A Community, More Than A Mining Camp

“I think we’re kin,” Shirley Tipper Crumpton says.

“We all went to school right here,” Ethel Dunnagan adds. “We were raised up in the company houses, our father worked in the mine, so we’re one big family.”

In a parking lot of a church, in what used to be the mining camp, we’ve met up with Shirley, Ethel and Eloise Lawrence Maston — wives and daughters of miners. Ethel and Eloise lived in the black mining camp, and Shirley lived in the adjacent white one.

Today this area is a part of Birmingham, and really, “camp” is kind of a misnomer. These places, even decades ago, had schools, churches and markets, courtesy of TC&I, a division of U.S. Steel.

“They had their own policemen, their own doctors, the commissary furnished the food, the clothing. All of that was furnished by TC&I,” Ethel says. “I feel like that was the best time of our life because we didn’t fear one another.”

“When you talk to the white kids who grew up in the camps, they say the very same thing,” Shirley says. “It was the best time of our lives.”

But then Shirley says something that speaks to the complexities of race in the South and the resentment felt by many whites during desegregation in the ’60s.

“When the government said, ‘We’re going to fix this,’ and you know, fix what? And then the problems really began,” she says. “That’s not a very good thing to say, I guess, but, like I said, when they began to legislate that you had to love each other, I guess, you loved each other on a human basis.”

An Exception To The Era

What Shirley said really stuck with me, because I can tell you, growing up as an African American in the South, just after the Civil Rights era, her take is not how I experienced the aftermath of that time. But that gets to the heart of race in America.

Each one of us has our own perception of the world and the issues around us; different circumstances that inform our view. After spending some time in Birmingham, you can see the city is dealing with its past, from the Civil Rights Museum to the memorial in the basement of the 16th Street Baptist church. People want to talk about it.

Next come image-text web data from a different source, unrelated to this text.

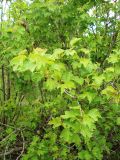 Viburnum opulus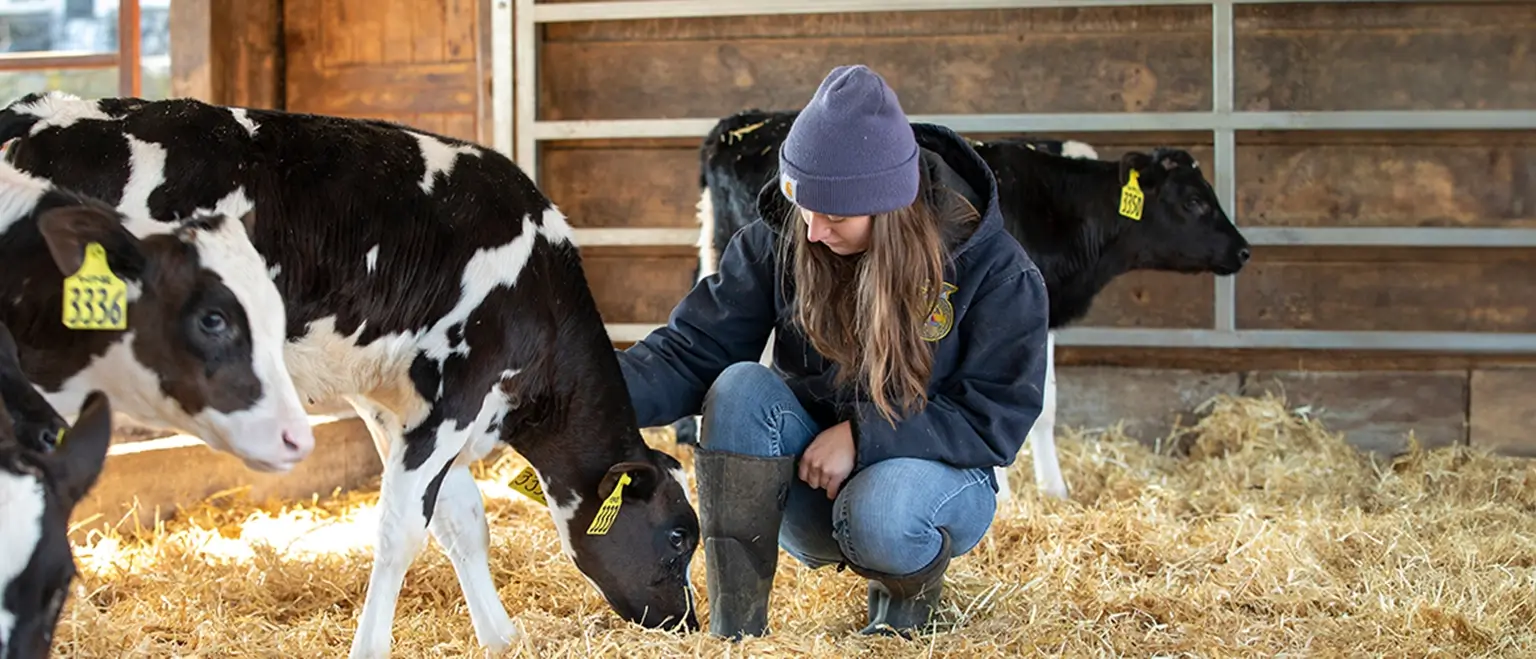 Milked with love: How dairy farmers make ethical dairy farming their priority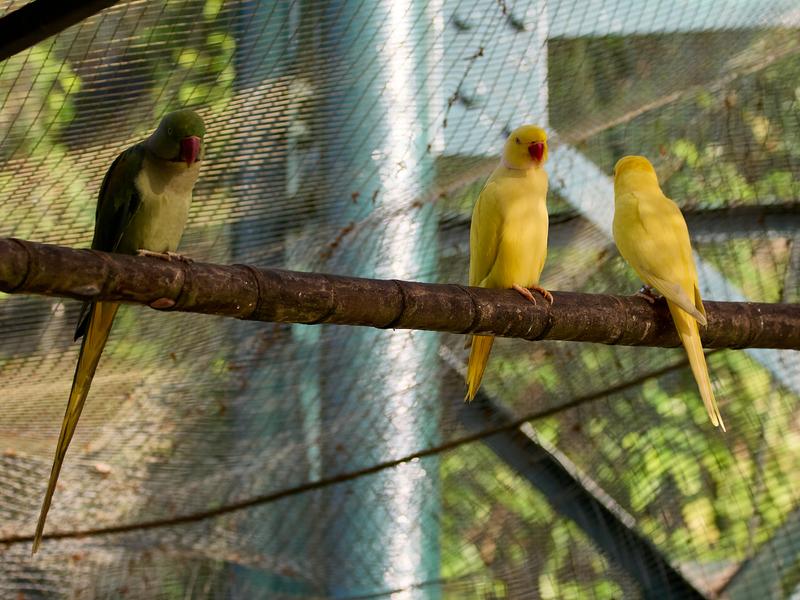 Bird Park, Kuala Lumpur, Malaysia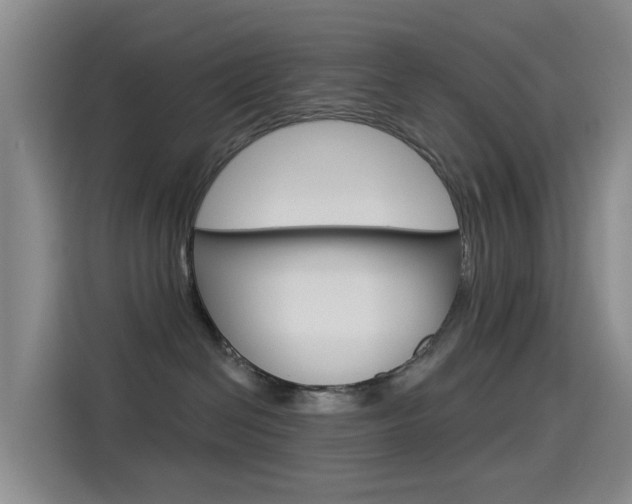 X0000114550286200910190957
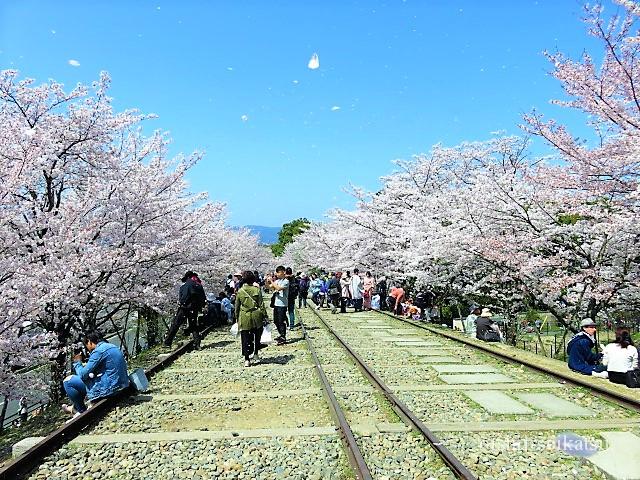 蹴上インクライン 岡崎疎水 京都の桜開花状況21とアクセスは 美味しい生活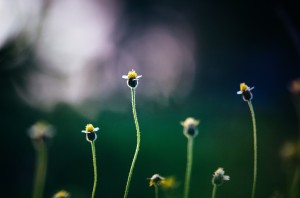 controlling weeds on your lawn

But at times, there’s a distance between the way blacks and whites remember it. At Red Mountain Park, most of the people we talked to — both black and white — have good memories about the place; but it still had its issues.

“Blacks, excuse the expression, they caught hell in that mine as far as work is concerned,” L.C. Culpepper says. He started working in the Birmingham iron ore mines in 1948. For him, the work was a necessary evil. It was also a very well-paying job for a black man at the time.

“We were happy, ‘cause that gave us a little social standing in the mines,” Culpepper says.

He says in the mine where he worked, there were few whites underground. Most were supervisors or worked machinery on the surface. But regardless of who was there, black or white, you had to get the job done.

“Whatever, whoever it was, you worked together,” Culpepper says. “There was no refusing to work together, you worked. ‘Cause the big man expect you to work. They expect you to produce.”

Culpepper feels the creation of Red Mountain Park will be an important reminder of the work that went on here. “Red Mountain, to tell you the truth, Red Mountain fought a war. If it had not been for Red Mountain and the steel plants sending that ore out there and making steel and making ships and guns and what have you, no telling what would have happened to America.”

A Park To Help Birmingham Heal

Back on the trail, Ranger Eric McFerrin sees Red Mountain Park as a place where the ongoing healing of Birmingham’s dark past can continue.

“I think in the future, you’re gonna see black, white, rich and poor associated with the mountain again,” he says.

“I see it as a future gathering spot, a point of unity for Birmingham,” he says. “But, you know, the people here are what made it happen. Red Mountain Park is a celebration of this history, though. It’s not a racial thing. I mean, black and white, the people that worked here significantly contributed to the building of a superpower.”